(Short web captions)
::::
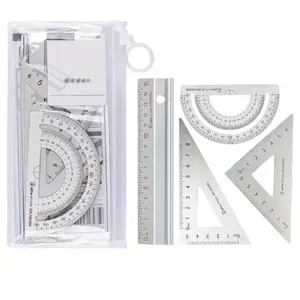 4pcs Architects Scale Ruler Set, Silver Metal, Technical Drawing Tools with Protractor, Triangular & Straightedge, Math Geometry for Students and Professionals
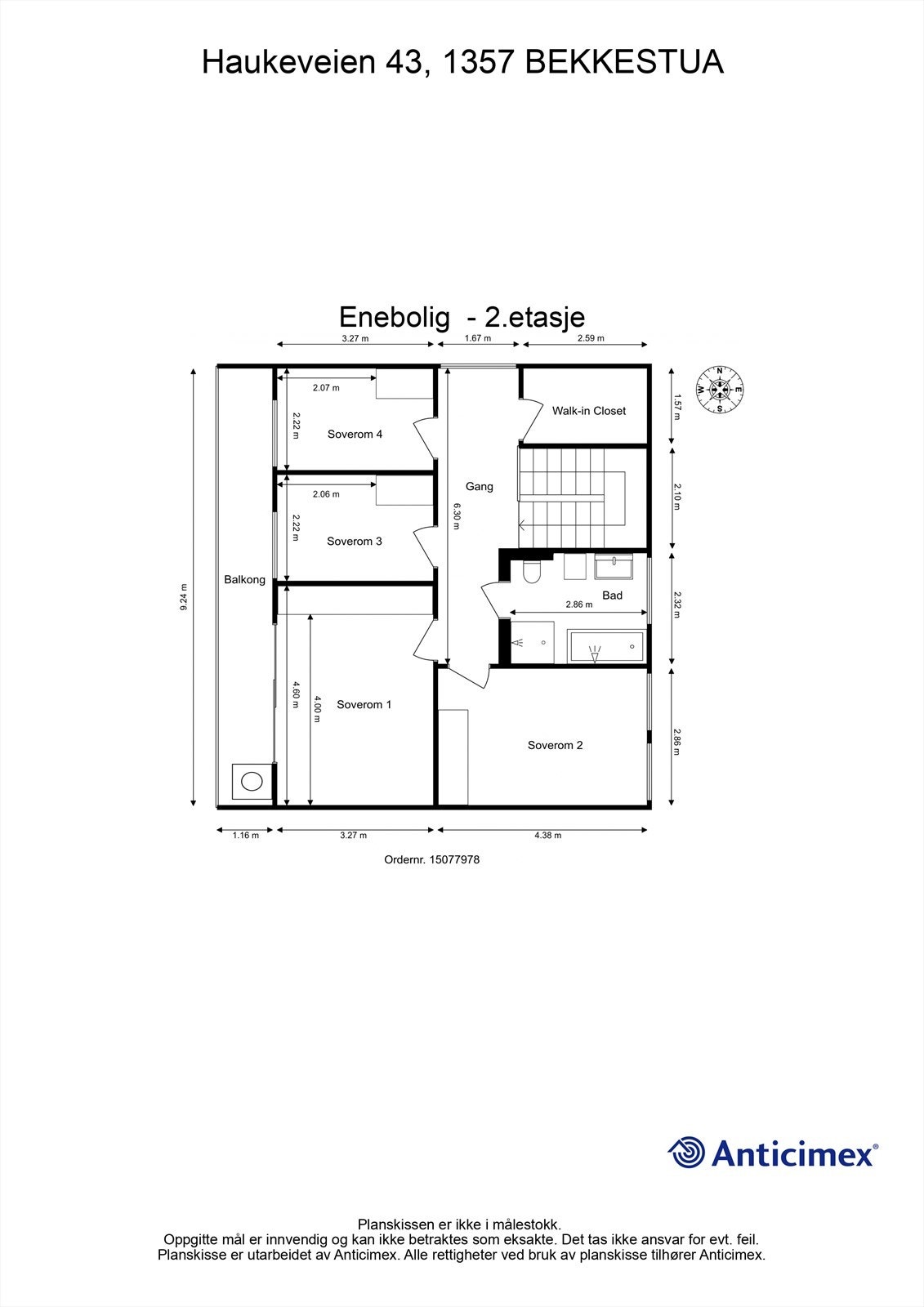 Plantegning 2. etasje. Illustrasjonen er ikke i målestokk og avvik kan forekomme. Galleribilde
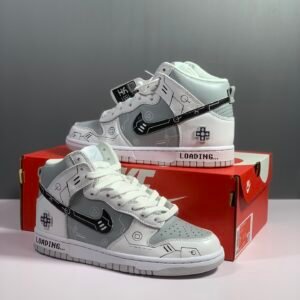 Nike Dunk High Top “Video Game” White Grey Black PS5 Loading Sneaker For Men, Men's Shoes
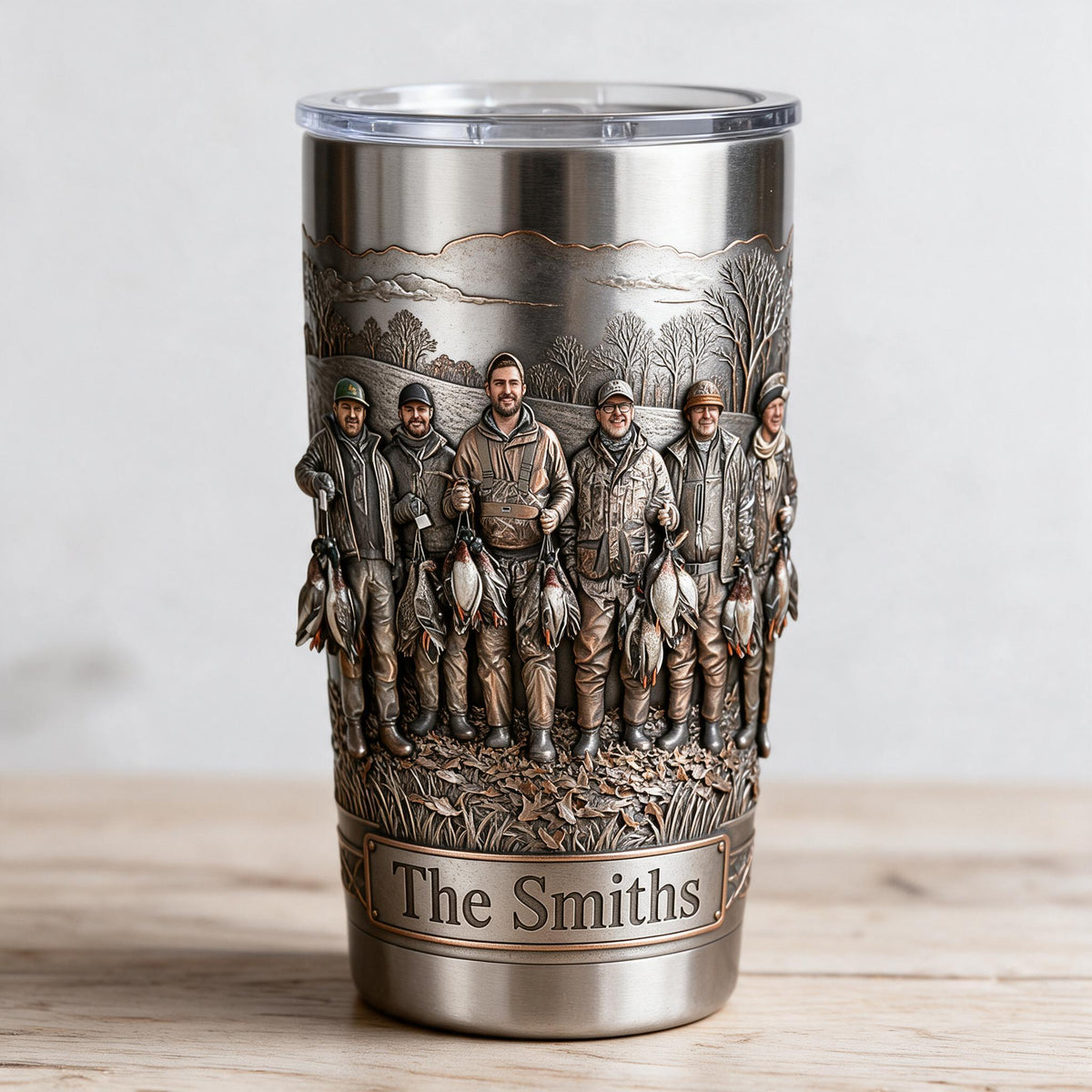 Personalized Custom Photo Duck Hunting Group Camo Tumbler Hunting Gift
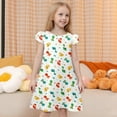 thumbnail image 2 of Girls Sundress Summer Casual Round Neck Sleeveless Loose Fit Home Wear Dress Dress Girls White 3 Years-4 Years, 2 of 4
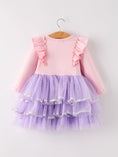 Load image into Gallery viewer, Autumn Thanksgiving Tulle Pink Purple Girls Long Sleeve Dress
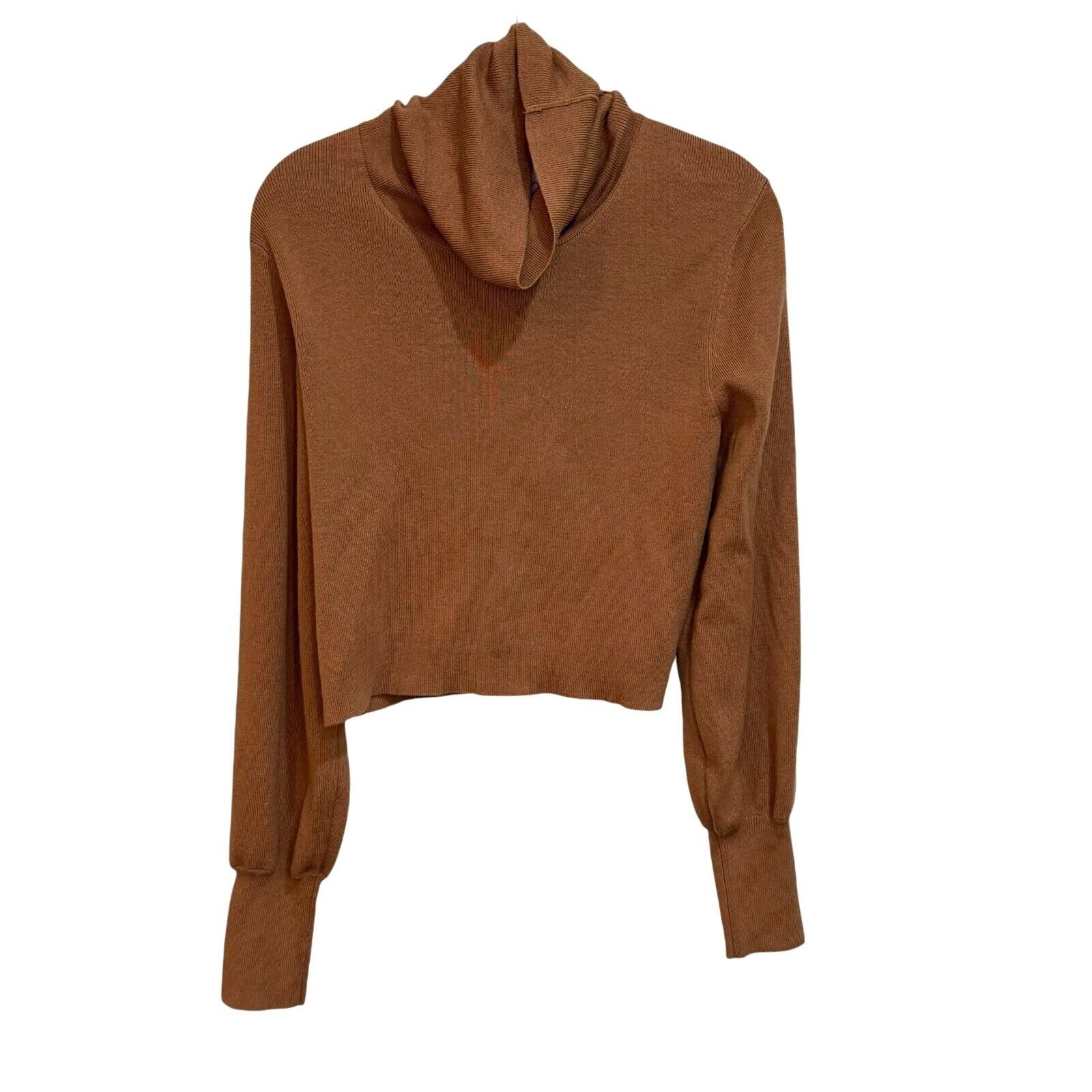 Aritzia Wilfred NEW Terrazzo Brown Rebecca Crop Turtleneck Sweater Size Medium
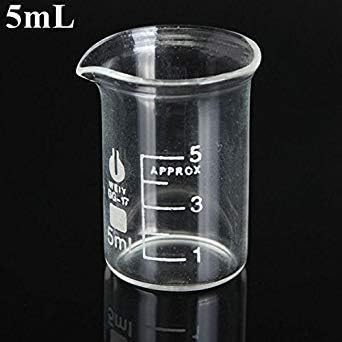 Petsdelite ® 5Ml Graduated Borosilicate Glass Beaker Volumetric Glassware for Laboratory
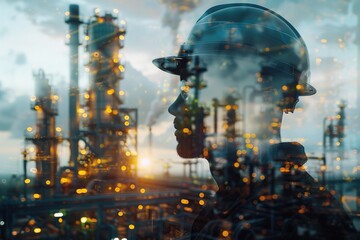 Double exposure of a worker and oil refinery. Industrial concept. Generative Ai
::::
Please transcribe exactly the line containing "thumbnail image 2" and every later line through the end of the records above, omitting pictures.

**Answer to this exercise**
 thumbnail image 2 of Girls Sundress Summer Casual Round Neck Sleeveless Loose Fit Home Wear Dress Dress Girls White 3 Years-4 Years, 2 of 4
 Load image into Gallery viewer, Autumn Thanksgiving Tulle Pink Purple Girls Long Sleeve Dress
 Aritzia Wilfred NEW Terrazzo Brown Rebecca Crop Turtleneck Sweater Size Medium
 Petsdelite ® 5Ml Graduated Borosilicate Glass Beaker Volumetric Glassware for Laboratory
 Double exposure of a worker and oil refinery. Industrial concept. Generative Ai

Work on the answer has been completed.